The medication works well, which is a good thing because not only is it expensive (thank God for student health insurance), but the side effects are extensive. You dry up like a prune. Your cholesterol levels can sky rocket and your liver takes a beating. No drinking for the entire 6 month course of the meds. No kidding.
The prescription is given a month at a time for half a year. Blood tests are required every month to check cholesterol and liver toxicity levels. If your levels are too high, your treatment plan for the next month may be revised.
It can cause night blindness, give you nose bleeds and make you depressed. They don't like to give the drug to women in their childbearing years, because if you get pregnant, the results can be devastating. This is nasty stuff. And that list of side effects? That's just the beginning.
Some might ask if this treatment is worth it. All I can say is that for anyone who has cystic acne, the answer is yes, or we wouldn't even take the damn stuff.
I've just finished month two of six. The first month was not so bad. In the second month, the drug is building up in your system. Both the dosage and the side effects increase.
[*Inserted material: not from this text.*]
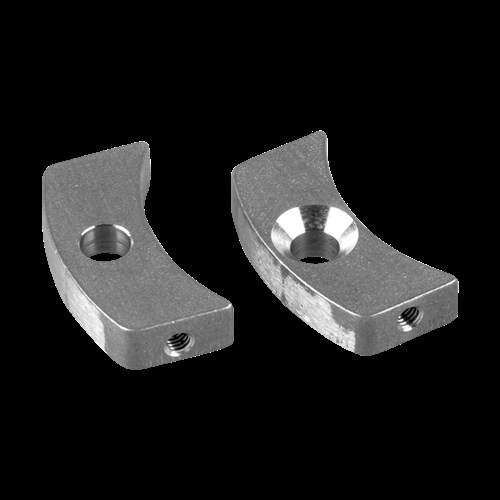 Volvo adapter plate for split rings saildrive 120 - Plac 2f - PLAC-2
Thus far, April has been... unpleasant.
I was not so active in my 20s, so I didn't notice some of the other side effects; I mean, the joint and muscle aches. Everything hurts. All the time. Running? My legs feel like long shards of glass when I run on them. There is a line in the prescription insert that says, "If you break a bone, tell your doctor." My first reaction was, "Well, DUH! How would that not come up in conversation with your physician?"
I have discovered what my arthritic friends are already wise to. Pounding and impact make joints hurt more. Running has now come to include a lot of walking, I'm afraid. I have decided that miles walked still count. I never used to count walking. Now, if I don't, there wouldn't be much training at all... That doesn't make me a wimp, does it?
I know, I know. We are runners. Our bodies are going to hurt. I won't whine because I know it will get me nowhere.
This is when my diva drag queen of a hair dresser would say with much finger wagging and flair, "If you're looking for sympathy, it's in the dictionary - between 'shit' and 'syphillis'!"
And so, I look back to the first quarter of the year... skin infection, blood poisoning, warts. Lovely. That all got dealt with. Here we are in the second quarter of the year. Again I find myself dealing with a skin condition and treatment that affects my beloved version of plodding I like to call 'running'. Who knew skin stuff could be so complex?
I also look back some weeks when I tried an experiment of appreciation, being grateful for the many things that are going right in my life. I find comfort when I tally up my blessings. So I keep tallying.
And I look forward... a week and a half forward. I ask myself how I am ever going to run a half marathon at the end of April? My training runs haven't even come close to that distance lately. Should I even try?